For once, I massively agree with Yahtzee's point here. While you often see polls, top tens and other such lists for 'memorable' female characters in games, and the 'good' ones are known to many (Aeris from FF7, Alyx Vance from HL2, Jade from Beyond Good & Evil, Faith from Mirror's Edge etc etc) it is counter-weighed if not full-on swamped by the vast array of 'bad' girl characters.
I can see what Yahtzee means by the exploitation angle, but even so, the girls in something like Frank Miller's Sin City, or Tarantino's Death Proof are not psychotic bitches. Without renting out the back-catalogue of Russ Meyer and going into infinite detail about Faster Pussycat Kill Kill and Ilsa the Wicked Warden, it is fairly easy to see the roots of the character in Wet forming from movies like Romanzo Criminale, Aliens and Smokin Aces, only to be dragged down a bit later down the production stage by the likes of Barb Wire...

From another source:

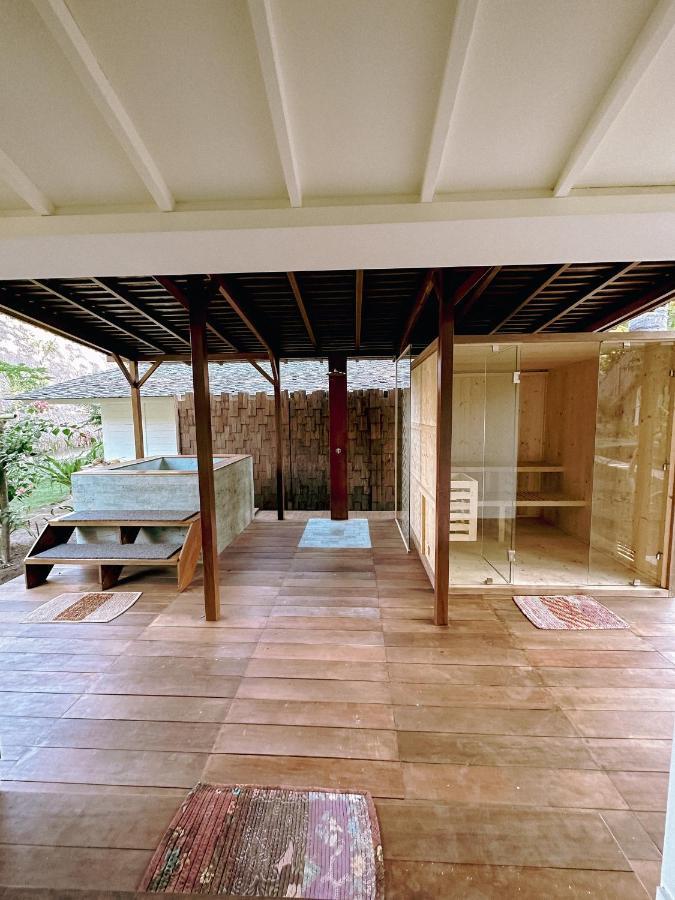Vayam Boutique Resort Gili Asahan Exteriör bild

For my sins, I am currently playing Risen. Feelings about that RPG aside, I have so far encountered the gamut of female stereotypes. Ok, crap example because of the limited number of character models meaning they all look largly the same, so the prostitute with no conscience looks almost the same as the one wearing no clothes but spouting prophecy, and also look similar to the two female characters I care about on a level other than 'NPC to talk to', so its not a question of who has the biggest boobs. How they react and talk to me, the player is the main piece of intrigue here, and Piranha Bites have almost got it right in a few places. Its easy to pigeonhole them, making them a good, almost 'museum piece' source to point to and say 'this is what games designers think this kind of person is like'.

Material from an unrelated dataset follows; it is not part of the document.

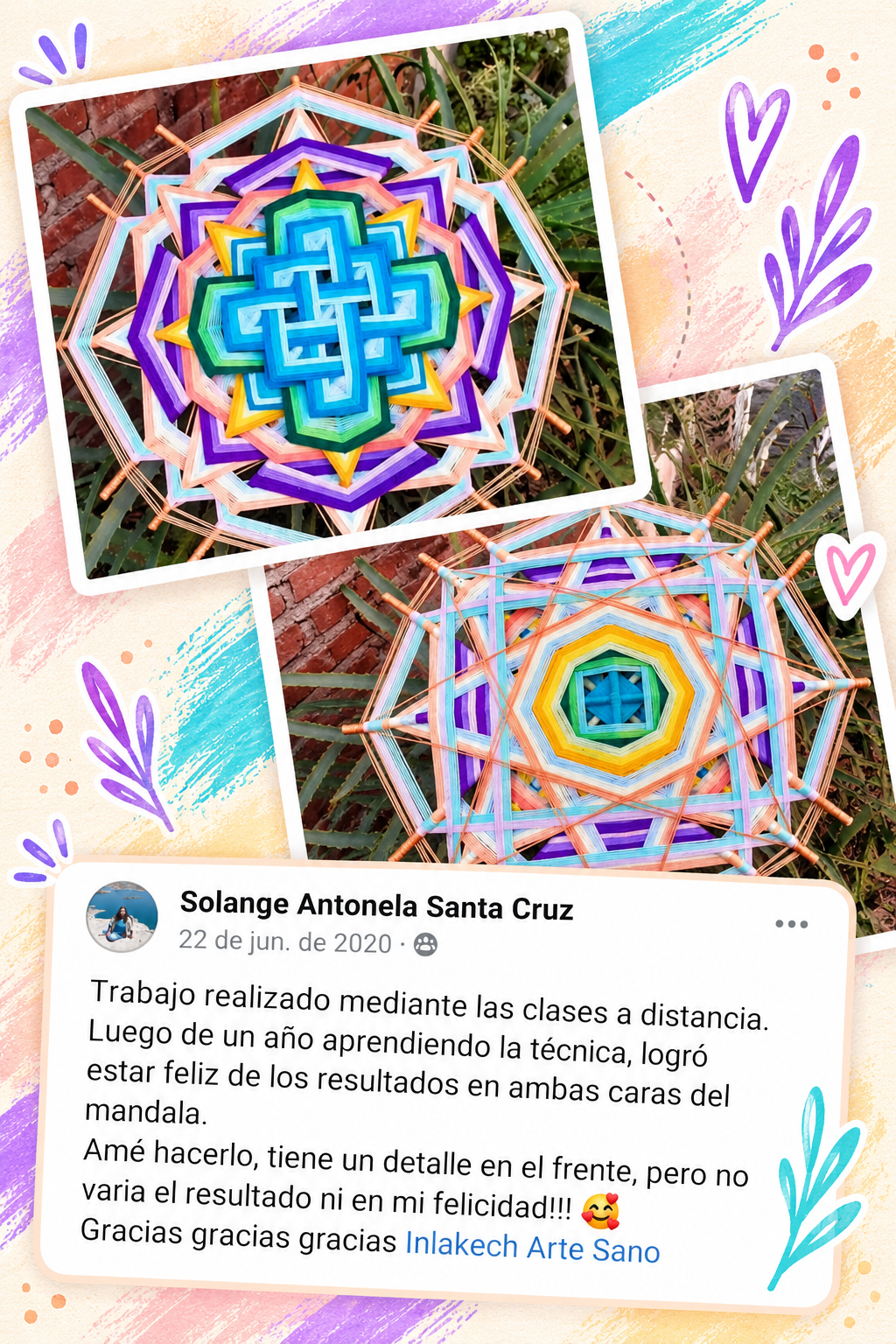 Testimonio de alumna, imagen 14 de 15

Returning to topic, and yes, I am also a fan of Soul Calibur, have owned Dead or Alive at some point in my life and actully paid money for Onechanbara (staff discount is my only defence) so I am the hated male chauvanist exploiter who propagates the desire for big boobs and outrageously impractical clothing in the games I play. I could argue that this is catch 22, if they weren't there, they wouldn't sell, and the games are actually fun to play in the first place, but for every Ninja Gaiden 2 there is a Dreamfall or Mass Effect in my collection. Some people found the female characters in Jericho jarring, I found it rather eye-opening. Tough-gal exteriors aside, there was that bit where the chaotician broke down into gibbers and the blood-witch was asked to comfort her. For a period of about a minute all pretence of bitchiness and hard-ass were gone, replaced with actual intelligent introspective. "She gets like this. She still suffers from night terrors, and sometimes wets the bed." Its para-phrased from memory, so probably not exactly as said, but the delivery is actually caring, concerned. I'm guesing Clive Barker had a bit more to say on that bit than some of the rest of it. He took the lesbian hard-ass babe stereotype and softened it at the edges just enough to care when she died later in the game.

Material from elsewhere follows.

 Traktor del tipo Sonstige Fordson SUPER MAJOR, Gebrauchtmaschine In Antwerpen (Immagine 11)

I like my women real. I'm sad to say that in today's vacuous society the made-up personality of a well-designed female games character is a lot more appealing than the pig-shit thick, Heat, More and other gossip-mag reading 'woman' that is sadly the common norm in real life right now. I'm not saying I'm in love with Alyx Vance (I think my little brother had a crush on Chun Li when he was 10 though) or Lara Croft, but I have often found myself wishing someone as well-rounded and intelligent actually existed in real life and was as easy to find. Games are, after all, an escape.
Yahtzee's comments struck a chord here because I have created a female character which I use in a lot of the table-top RPG sessions I run, and am trying to write a book involving her. As a heroine, she needs to be bad-ass on occasion, without falling into the trap of becoming a *****, or else people won't be able to warm to her and feel for her when tragedy occurs. The sentiments and comments he made here act as a sort of warning, and guideline, putting into perspective the perception of female characters as a whole.
But then, there is that female scientist from Command & Conquer: Renegade... she was cool for all the wrong reasons.